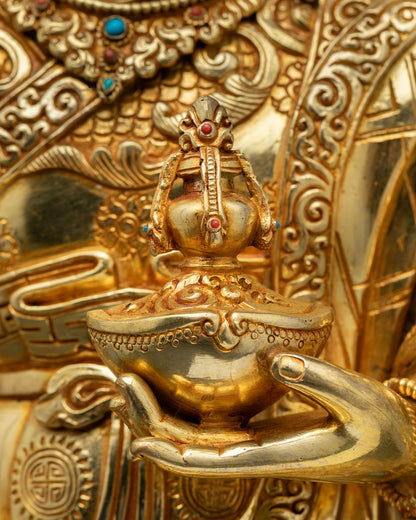 Close-up of Guru Rinpoche left hand holding kapala with sacred nectar vase detail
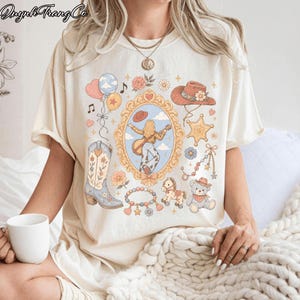 Op de afbeelding: Een cr&egrave;mekleurig T-shirt met korte mouwen en een centrale, versierde gouden spiegellijst met een figuur die gitaar speelt. De afbeelding bevat ook een cowboylaars, een hoed, een sheriffster, een teddybeer, een hobbelpaard en ballonnen.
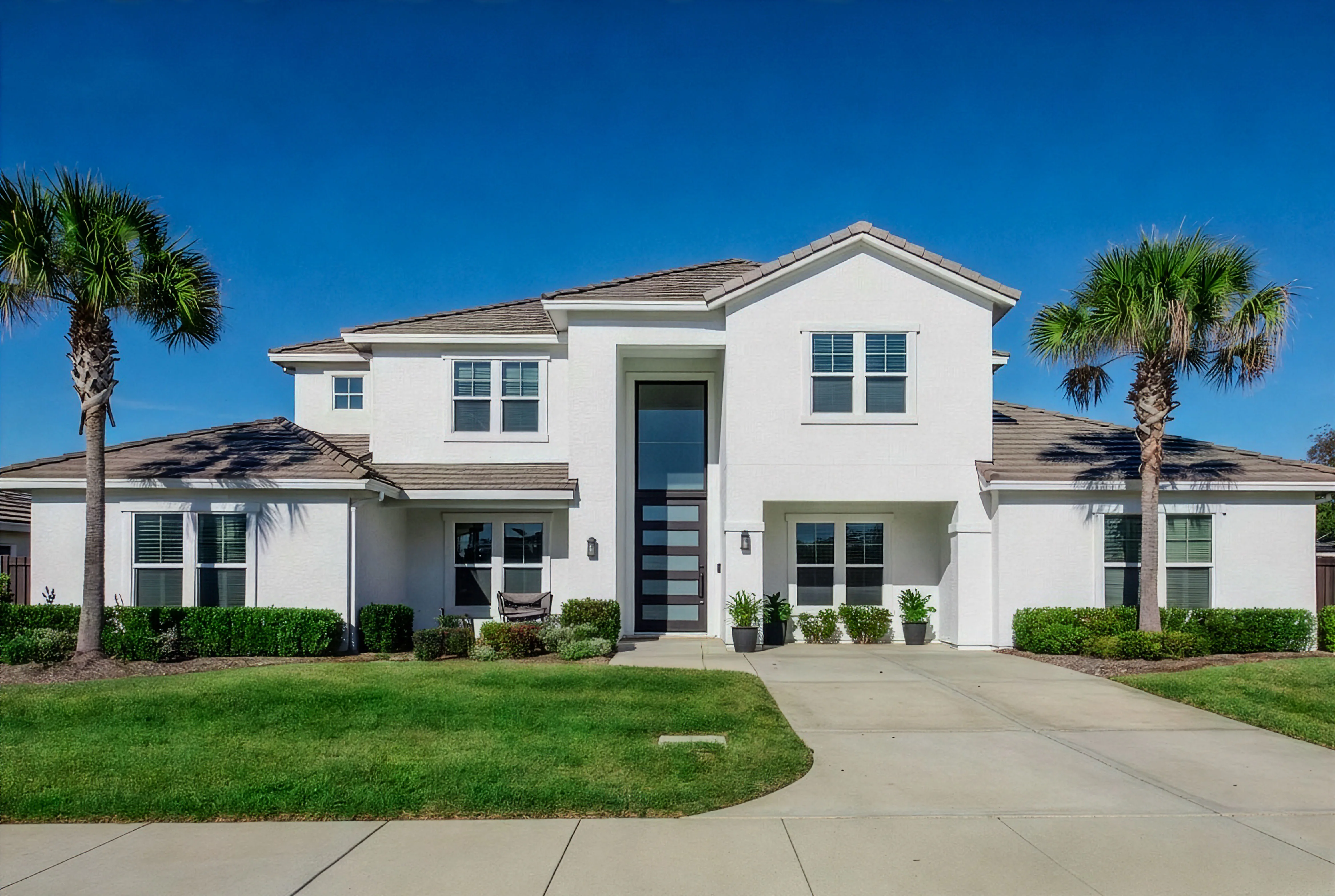 Modern white two-story Central Florida home framed by palms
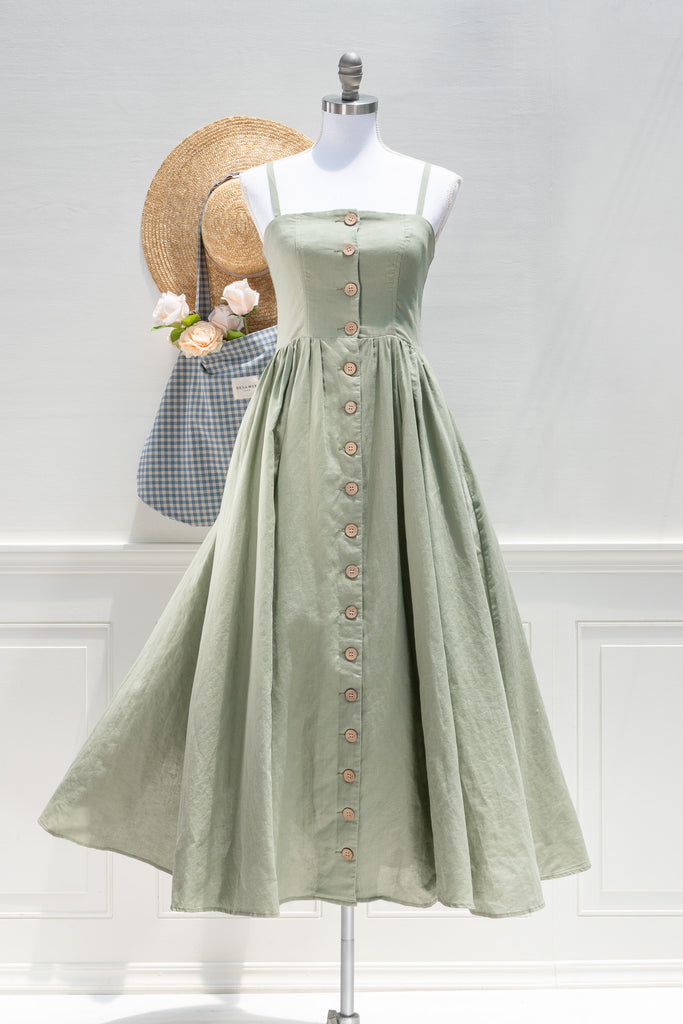 Green dress on a mannequin with a straw hat and bag in the background. French girl style dresses. 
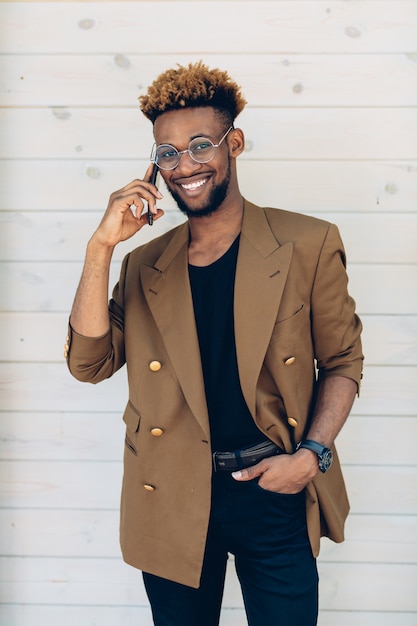 Man in jacket talking on phone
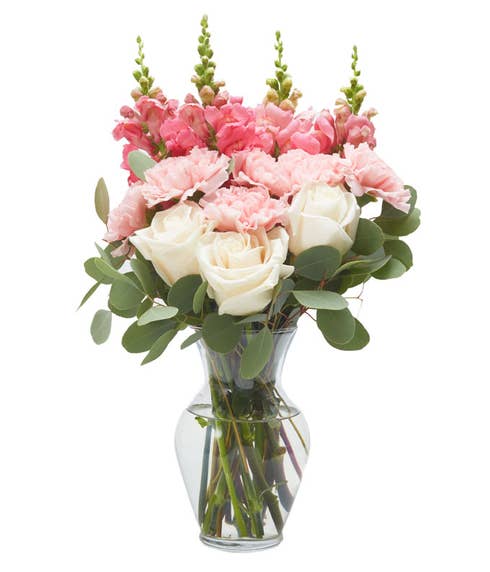 Pale pink and coral snapdragon flower bouquet with pink roses and vase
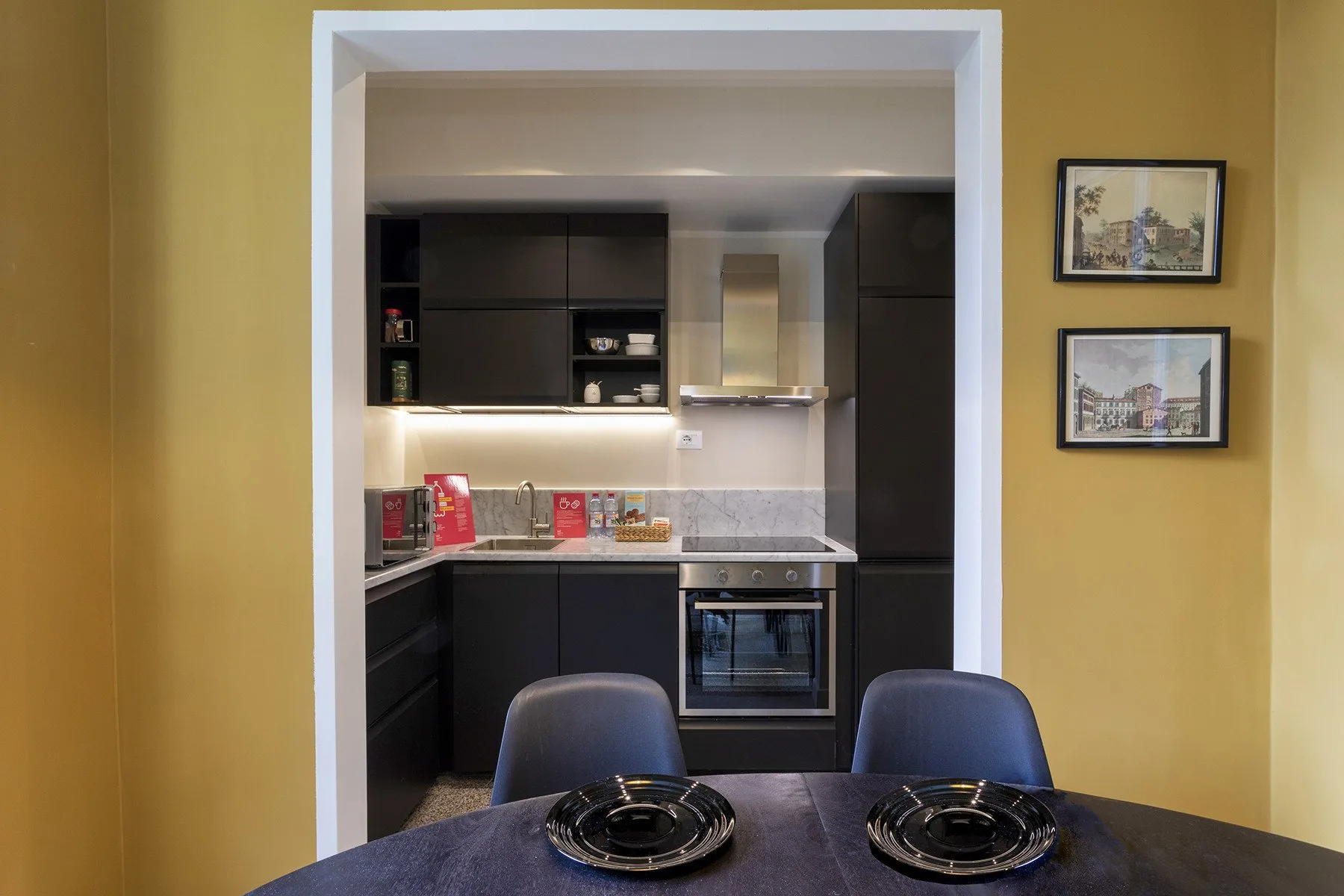 Una mesa de comedor con cubiertos está frente a una cocina moderna.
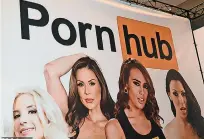  ??  ?? PornHub is being sued for $80million by 40 women who claim it 'profited' from 'sex traffickin­g' related to videos from former PornHub partner GirlsDoPor­n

==============================

§ **TASK DESCRIPTION**
Give the data above back unchanged, except for the pictures.

§ **EXERCISE OUTPUT**
 Close-up of Guru Rinpoche left hand holding kapala with sacred nectar vase detail
 Op de afbeelding: Een cr&egrave;mekleurig T-shirt met korte mouwen en een centrale, versierde gouden spiegellijst met een figuur die gitaar speelt. De afbeelding bevat ook een cowboylaars, een hoed, een sheriffster, een teddybeer, een hobbelpaard en ballonnen.
 Modern white two-story Central Florida home framed by palms
 Green dress on a mannequin with a straw hat and bag in the background. French girl style dresses. 
 Man in jacket talking on phone
 Pale pink and coral snapdragon flower bouquet with pink roses and vase
 Una mesa de comedor con cubiertos está frente a una cocina moderna.
  ??  ?? PornHub is being sued for $80million by 40 women who claim it 'profited' from 'sex traffickin­g' related to videos from former PornHub partner GirlsDoPor­n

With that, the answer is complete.